Roberto Solis Rodriguez had the ideal situation—he scored a paid internship while in school and the company where he interned liked him so much he got hired on full time at the end of his internship, before he even completed his education.
Though this does happen to a select few, what’s unique about this scenario is that the wages of up to 150 hours of Solis Rodriguez’s internship were subsidized by the San Diego Workforce Partnership as part of TechHire San Diego, the local chapter of a nationwide movement that aims to level the playing field for tech jobs by matching up training and employment opportunities with information and communication technologies job seekers from underrepresented backgrounds.
The participating TechHire employer that hired Solis Rodriguez, HoverCam, is an educational technology leader specializing in interactive products such as digital podiums and smart panels for over 300,000 school and university classrooms across the world.
Since September of 2017, Solis Rodriguez has been a technical support engineer offering customer service and assistance with installations. He’s even had the opportunity to tour with HoverCam doing product demos across Southern California.
“I was impressed with how quickly Roberto jumped in with all the tasks we assigned to him,” said Technical Support Manager Keith White, Solis Rodriguez’s supervisor. “He has gotten compliments on how great of a tech he’s been and on his phone demeanor. He’s also been able to interject with his own ideas. That’s what we want in a tech—not just a robot that can fix something, but someone who can bring other ideas.”
“We burned through Roberto’s 150 hours pretty quickly,” said HoverCam’s Marketing & Media Relations Manager Jaime Falcón. “We were constantly finding things for him to do because we were impressed by him. We saw that he was trainable.”
“AND he can take a joke,” White added. “We prank each other once in a while. He knows how to have fun and get things done at the same time.”
So why hire through TechHire?
“At first, we were looking for just marketing interns—people with nontraditional backgrounds, and initially getting only résumés from prestigious schools,” said Falcón. “But we are not blown away by résumés. Anybody can write anything and say, ‘I did this, and I did that.’ We believe in actual proof.”

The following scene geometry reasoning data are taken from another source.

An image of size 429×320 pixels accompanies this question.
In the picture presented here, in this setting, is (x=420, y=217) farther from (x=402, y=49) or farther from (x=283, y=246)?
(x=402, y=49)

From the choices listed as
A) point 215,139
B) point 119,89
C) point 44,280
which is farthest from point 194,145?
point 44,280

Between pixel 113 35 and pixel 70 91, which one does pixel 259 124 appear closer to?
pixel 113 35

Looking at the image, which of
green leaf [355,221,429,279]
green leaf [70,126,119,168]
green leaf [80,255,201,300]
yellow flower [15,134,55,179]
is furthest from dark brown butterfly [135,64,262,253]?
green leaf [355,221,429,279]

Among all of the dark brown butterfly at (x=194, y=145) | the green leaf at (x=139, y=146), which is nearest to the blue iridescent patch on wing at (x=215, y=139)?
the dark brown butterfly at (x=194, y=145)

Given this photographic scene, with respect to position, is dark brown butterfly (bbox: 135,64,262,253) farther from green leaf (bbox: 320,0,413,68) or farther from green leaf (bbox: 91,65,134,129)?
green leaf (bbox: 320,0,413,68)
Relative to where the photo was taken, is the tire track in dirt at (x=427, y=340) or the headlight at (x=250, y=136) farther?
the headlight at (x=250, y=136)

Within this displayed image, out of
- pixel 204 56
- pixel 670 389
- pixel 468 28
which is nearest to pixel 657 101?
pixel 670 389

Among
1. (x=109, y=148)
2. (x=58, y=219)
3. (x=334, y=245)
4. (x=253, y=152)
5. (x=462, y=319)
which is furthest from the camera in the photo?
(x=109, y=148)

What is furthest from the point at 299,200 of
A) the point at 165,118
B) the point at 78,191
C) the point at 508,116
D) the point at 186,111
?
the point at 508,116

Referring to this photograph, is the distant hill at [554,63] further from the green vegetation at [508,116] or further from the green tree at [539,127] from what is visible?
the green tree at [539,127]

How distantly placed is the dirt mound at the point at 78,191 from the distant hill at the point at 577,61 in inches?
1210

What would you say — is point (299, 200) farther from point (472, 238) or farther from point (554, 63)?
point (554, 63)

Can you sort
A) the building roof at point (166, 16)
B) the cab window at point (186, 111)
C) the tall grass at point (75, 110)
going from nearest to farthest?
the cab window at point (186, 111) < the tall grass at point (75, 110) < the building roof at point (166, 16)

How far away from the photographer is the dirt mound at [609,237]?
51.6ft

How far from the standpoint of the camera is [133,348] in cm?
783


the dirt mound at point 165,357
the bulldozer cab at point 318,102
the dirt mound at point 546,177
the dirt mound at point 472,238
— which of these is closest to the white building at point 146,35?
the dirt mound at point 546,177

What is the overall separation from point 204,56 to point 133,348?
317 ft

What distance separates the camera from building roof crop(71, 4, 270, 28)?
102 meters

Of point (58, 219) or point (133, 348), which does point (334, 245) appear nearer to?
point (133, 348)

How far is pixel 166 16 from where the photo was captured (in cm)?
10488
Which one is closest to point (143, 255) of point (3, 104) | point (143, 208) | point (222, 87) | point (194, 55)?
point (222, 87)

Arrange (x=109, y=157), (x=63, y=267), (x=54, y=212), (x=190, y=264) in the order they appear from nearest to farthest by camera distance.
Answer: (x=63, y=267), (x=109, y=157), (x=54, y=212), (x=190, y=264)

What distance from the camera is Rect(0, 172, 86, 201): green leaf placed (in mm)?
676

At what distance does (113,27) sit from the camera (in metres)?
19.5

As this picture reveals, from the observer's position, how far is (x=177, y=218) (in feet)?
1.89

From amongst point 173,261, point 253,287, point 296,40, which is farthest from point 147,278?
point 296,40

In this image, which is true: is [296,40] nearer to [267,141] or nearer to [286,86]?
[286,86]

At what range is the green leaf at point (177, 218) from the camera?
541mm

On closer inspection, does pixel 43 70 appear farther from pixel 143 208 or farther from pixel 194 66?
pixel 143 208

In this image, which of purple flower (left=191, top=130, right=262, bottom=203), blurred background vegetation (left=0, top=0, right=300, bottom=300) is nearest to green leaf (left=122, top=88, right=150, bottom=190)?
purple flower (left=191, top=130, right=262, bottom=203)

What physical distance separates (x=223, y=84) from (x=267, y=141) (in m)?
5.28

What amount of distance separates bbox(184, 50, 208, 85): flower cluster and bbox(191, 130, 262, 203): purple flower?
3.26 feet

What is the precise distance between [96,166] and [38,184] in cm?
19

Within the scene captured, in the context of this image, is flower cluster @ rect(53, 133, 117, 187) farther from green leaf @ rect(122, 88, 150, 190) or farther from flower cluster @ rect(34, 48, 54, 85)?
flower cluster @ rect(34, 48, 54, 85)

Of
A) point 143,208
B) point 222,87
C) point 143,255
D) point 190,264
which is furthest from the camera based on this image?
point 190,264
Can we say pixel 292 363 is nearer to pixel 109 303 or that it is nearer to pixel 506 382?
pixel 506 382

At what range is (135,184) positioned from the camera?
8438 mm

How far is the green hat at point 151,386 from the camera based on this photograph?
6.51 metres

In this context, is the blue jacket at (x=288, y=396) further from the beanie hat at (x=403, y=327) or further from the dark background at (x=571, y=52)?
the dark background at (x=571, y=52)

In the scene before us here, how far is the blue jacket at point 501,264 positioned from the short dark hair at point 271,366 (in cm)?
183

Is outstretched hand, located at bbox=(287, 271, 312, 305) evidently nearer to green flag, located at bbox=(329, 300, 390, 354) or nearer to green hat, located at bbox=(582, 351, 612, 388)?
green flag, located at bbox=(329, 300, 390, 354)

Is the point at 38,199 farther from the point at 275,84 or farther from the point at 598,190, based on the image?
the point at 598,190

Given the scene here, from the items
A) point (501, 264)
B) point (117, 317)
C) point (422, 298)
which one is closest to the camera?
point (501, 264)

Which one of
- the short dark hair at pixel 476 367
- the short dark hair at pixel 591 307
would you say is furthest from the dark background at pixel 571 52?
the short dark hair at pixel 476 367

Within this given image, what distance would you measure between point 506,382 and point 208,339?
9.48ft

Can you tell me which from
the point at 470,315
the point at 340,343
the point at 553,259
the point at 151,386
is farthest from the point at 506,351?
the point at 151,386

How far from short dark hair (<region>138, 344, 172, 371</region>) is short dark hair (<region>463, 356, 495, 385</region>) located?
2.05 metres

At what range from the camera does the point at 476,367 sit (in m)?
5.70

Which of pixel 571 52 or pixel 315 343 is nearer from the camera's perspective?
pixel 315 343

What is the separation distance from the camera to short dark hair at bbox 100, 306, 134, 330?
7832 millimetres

Through the internship interview process, the team learned that those who came from less prestigious educational backgrounds often worked harder and turned in test projects more quickly.
As for why Solis Rodriguez chose to intern with HoverCam, he is impressed with the company’s dedication to bringing the concept of the 21st century classroom to life, an idea that has been around since 1999, but to date has yet to become a widespread reality.
“I wanted to learn more about working with cameras and computers,” said Solis Rodriguez. “Working at HoverCam lets me combine my interests.”
“There are children born in 2000 about to graduate from high school who never had that promise fulfilled for them. It is our goal to fulfill that promise and actualize the concept of a fully digital classroom,” said Falcón. “Roberto has had a great rapport to service our products, which have a direct impact on the world; we are providing technology and tools to educators, and educators are the front lines to changing the world. If you can spark one mind, that mind can change the world, so why not spark as many minds as possible?”
“I love what they do here,” said Solis Rodriguez. “I love learning troubleshooting, about products and purpose.”